Question

Direct mail advertisers send solicitations​ ("junk mail") to thousands of potential customers in the hope that some will buy the​ company's product. The response rate is usually quite low. Suppose a company wants to test the response to a new flyer and sends it to 1030 people randomly selected from their mailing list of over​ 200,000 people. They get orders from 103 of the recipients.

Required:
Create a 95% confidence interval for the percentage of people the company contacts who may buy something. (Show your work. Step by step)

Answer 1

The interval is (.0817, .118).

Explanation:

Let's make this interval! The easy way is to go to STAT->TEST->A, 1-prop z-int, but I will show the long way.

1. Conditions

First we must check the conditions.

Randomization condition: The sample is given to be random, so we can assume independence.
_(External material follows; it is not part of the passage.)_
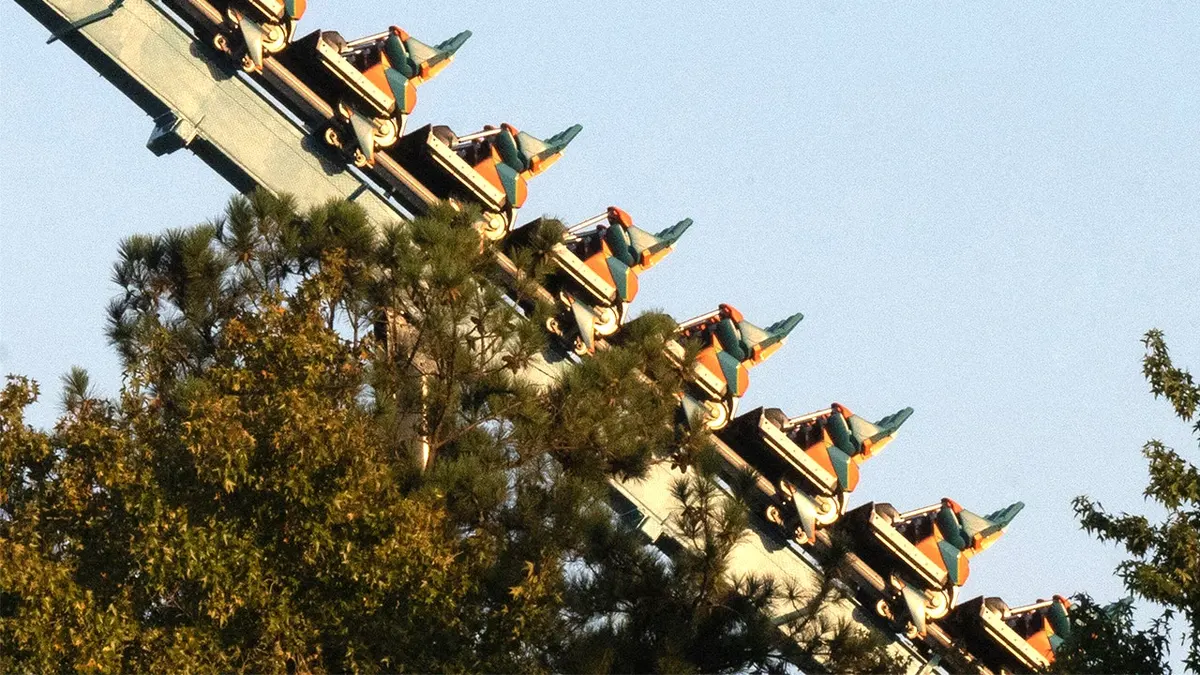 View of Goliath roller coaster at Six Flags Over Georgia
Success/failure condition: Both np>10 and nq>10 must be met.

• np = 1030(103/1030) = 103 ✓
• nq = 1030(927/1030) = 927 ✓

10% condition: The sample cannot be greater than 10% of the population.
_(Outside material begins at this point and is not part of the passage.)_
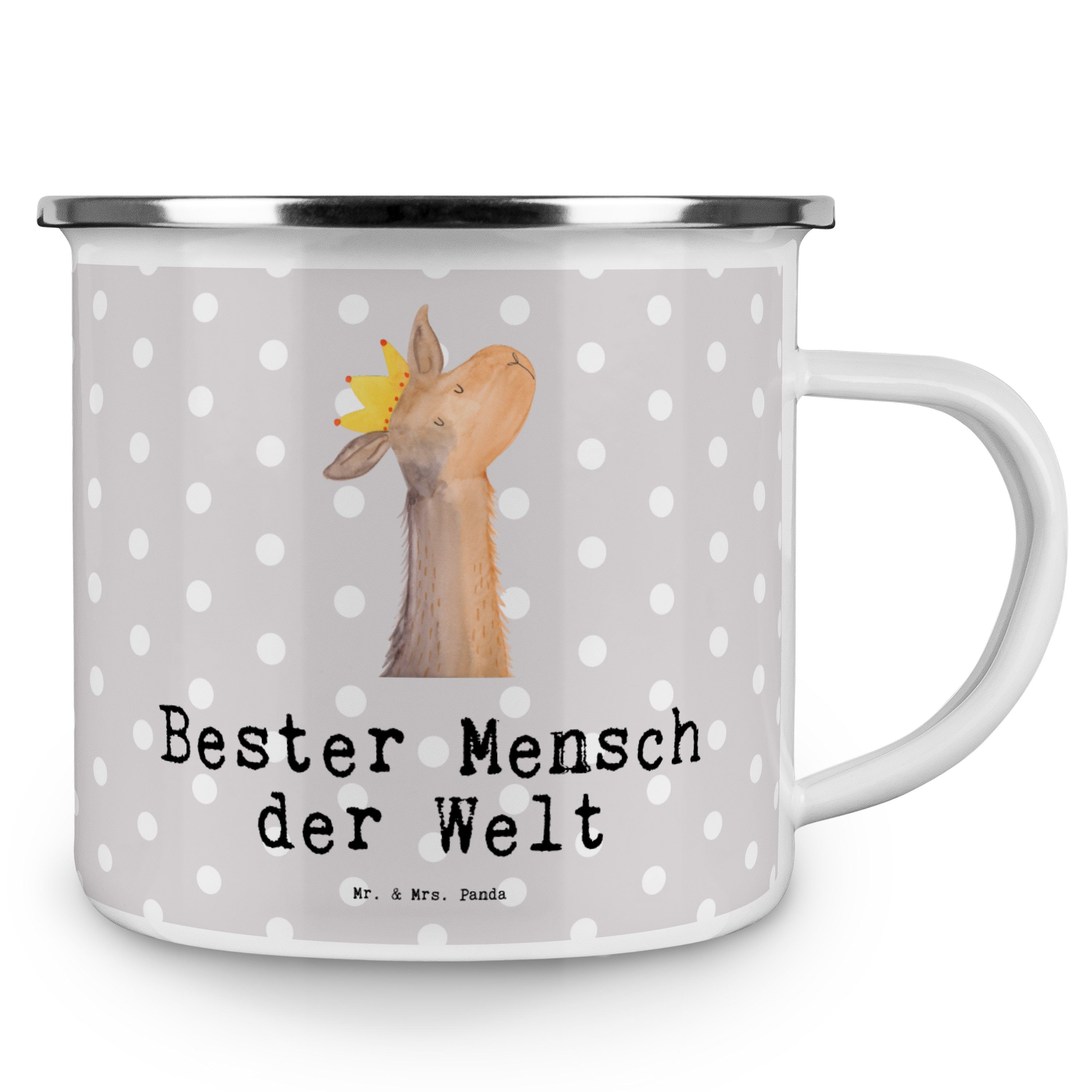 & Becher Liebl, Grau Panda Bester Mr. Welt Geschenk, Lama der Vorbild, - Mensch Pastell Mrs. Emaille -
• 10n < N, 10(1030) < 200000 ✓

All conditions are met, so we can use a 1-proportion z-interval to represent the data.

2. Mechanics

Find
`\hat{p}`, the sample proportion.

103/1030 = .1

`\hat{q}`, then, the probability of not p, is 1 - .1 = .9

Find z* (z star), the critical z-value.

You can do this on your calculator using 2nd->VARS->3 (or you can memorize it - it's 1.96. Winky face.) This is called the invNorm function, that takes the left side area under the normal curve. But what do we plug in to the invNorm function?

invNorm(.975) = 1.96

Plug values into the equation.

`\hat{p}` ± z*
`\sqrt{\frac{\hat{p}\hat{q}}{n} }`

.1 ± 1.96
`\sqrt{(.1*.9)/(1030) }`

.1 ± 1.96(.00935)

.1 - .0183 = .0817

.1 + .0183 = .118

(.0817, .118)

3. Conclusion

Based on this sample, we are 95% confident that the proportion of people the company contacts who may buy something is between .0817 and .118. That isn't very likely, but maybe they'll make a little profit!